Но литература тоже почти случайна. Писатель фиксирует мутацию.
Так мы фиксируем любовь.
Но в одном любовь одинакова. Она всегда, как тень, протягивает левую руку к моей правой.
Обрати на меня внимание, пейзаж. Протяни правую руку на правую.
Мне раз позвонили и попросили зайти к вольноопределяющемуся Брику.
Был такой в роте товарищ. Его все знали: при пробе он сразу разбил три автомобиля.
Пошел по адресу. Жуковская улица, фонарь посередине. Асфальт. Высокий дом, 7, квартира 42.
Открыли дверь. Это была не дверь, а обложка книги. Я открыл книгу, которая называется «История жизни Осипа Брика и Лили Брик».
В главах этой книги упоминается иногда и мое имя.
Пересматриваю невнимательно, как письма, которые еще боишься прочесть.
На первой странице стоял Брик. Не тот, которого я знал. Однофамилец. На стенах висели туркестанские вышивки. На рояле стоял автомобиль из карт, величиной в кубический метр.

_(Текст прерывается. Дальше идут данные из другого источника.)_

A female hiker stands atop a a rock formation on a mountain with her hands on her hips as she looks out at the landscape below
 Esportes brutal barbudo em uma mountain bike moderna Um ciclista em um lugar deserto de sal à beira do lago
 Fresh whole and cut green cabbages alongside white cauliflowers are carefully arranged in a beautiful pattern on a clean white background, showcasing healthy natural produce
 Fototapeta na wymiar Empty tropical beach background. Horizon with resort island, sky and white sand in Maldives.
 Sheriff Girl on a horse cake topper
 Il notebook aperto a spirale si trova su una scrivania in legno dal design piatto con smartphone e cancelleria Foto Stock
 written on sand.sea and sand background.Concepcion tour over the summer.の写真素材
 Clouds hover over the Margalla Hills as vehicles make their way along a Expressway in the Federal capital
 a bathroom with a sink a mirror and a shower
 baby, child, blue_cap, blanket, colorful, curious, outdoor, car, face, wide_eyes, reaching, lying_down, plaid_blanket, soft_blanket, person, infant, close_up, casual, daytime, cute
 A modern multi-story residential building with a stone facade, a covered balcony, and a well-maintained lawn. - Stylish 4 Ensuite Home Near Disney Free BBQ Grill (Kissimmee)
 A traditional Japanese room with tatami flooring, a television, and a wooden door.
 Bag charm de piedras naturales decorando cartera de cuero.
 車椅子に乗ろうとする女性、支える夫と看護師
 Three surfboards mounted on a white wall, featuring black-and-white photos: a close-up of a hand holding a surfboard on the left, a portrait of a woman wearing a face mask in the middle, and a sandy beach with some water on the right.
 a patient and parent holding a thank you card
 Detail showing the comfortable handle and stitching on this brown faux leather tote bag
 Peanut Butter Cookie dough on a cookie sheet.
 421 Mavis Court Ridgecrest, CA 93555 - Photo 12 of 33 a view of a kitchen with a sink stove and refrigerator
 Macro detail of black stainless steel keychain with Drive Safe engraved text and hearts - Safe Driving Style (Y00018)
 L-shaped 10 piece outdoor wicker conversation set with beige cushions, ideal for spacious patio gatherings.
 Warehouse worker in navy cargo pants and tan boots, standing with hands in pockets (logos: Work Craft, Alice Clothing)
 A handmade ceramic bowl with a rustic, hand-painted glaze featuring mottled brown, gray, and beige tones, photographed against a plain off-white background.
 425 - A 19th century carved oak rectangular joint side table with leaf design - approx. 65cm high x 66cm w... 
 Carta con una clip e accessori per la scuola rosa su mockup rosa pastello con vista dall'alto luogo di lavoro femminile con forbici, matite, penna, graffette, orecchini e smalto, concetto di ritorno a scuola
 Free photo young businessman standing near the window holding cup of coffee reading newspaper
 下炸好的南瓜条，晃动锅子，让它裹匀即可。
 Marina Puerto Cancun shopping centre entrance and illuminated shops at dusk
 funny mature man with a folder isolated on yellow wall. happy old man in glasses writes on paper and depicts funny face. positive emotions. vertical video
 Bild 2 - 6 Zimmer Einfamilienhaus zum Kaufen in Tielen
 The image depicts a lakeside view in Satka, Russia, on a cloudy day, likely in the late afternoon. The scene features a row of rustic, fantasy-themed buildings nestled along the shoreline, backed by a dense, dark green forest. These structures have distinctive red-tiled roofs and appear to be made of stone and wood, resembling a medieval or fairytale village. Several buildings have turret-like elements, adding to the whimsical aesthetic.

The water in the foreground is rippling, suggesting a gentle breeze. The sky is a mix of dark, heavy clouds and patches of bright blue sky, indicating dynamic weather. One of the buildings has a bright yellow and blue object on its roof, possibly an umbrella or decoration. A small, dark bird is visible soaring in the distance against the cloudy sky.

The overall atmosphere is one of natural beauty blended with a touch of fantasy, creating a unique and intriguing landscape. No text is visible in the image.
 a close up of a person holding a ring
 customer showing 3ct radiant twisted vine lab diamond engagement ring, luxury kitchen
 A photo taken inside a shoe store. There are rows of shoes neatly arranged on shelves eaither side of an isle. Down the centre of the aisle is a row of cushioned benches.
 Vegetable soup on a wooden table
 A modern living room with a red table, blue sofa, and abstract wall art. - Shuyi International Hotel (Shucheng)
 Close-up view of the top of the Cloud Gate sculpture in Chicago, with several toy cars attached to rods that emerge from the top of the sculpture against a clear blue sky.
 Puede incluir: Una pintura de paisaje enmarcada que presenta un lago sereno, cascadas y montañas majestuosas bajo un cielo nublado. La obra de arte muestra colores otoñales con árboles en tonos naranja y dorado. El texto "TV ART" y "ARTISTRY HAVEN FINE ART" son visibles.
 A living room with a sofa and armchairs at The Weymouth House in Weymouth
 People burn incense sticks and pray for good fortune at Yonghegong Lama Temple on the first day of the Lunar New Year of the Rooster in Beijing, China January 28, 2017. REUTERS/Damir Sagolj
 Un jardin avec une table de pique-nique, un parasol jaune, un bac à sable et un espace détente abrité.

Конечно, люди живут не для того, чтобы о них писали книги. Но все же у меня отношение к людям производственное, я хочу, чтобы они что-нибудь делали.
Вечера у Бриков
Люди менялись. Вероятно, так надо.
Овощи, например, варят в супе, но не едят потом. Нужно только понять, что делается в этом производстве. Иначе можно в истории смешать работу с шумом.
Шум — работа для оркестра, но не для Путиловского завода.
В общем, вероятно, — это мы были овощами.
Но не по отсчету от нашего меридиана.
Среди туркестанских вышивок, засовывая шелковые подушки за диван, пачкая кожей штанов обивку, съедая все на столе, варился с другими у Бриков.
На столе особенно помню: 1) смоква, 2) сыр большим куском, 3) паштет из печенки.
Издан один номер «Взял».
Издан «Сборник по теории поэтического языка». Что важно в формальном методе?
Не то, что отдельные части произведения можно назвать разными именами.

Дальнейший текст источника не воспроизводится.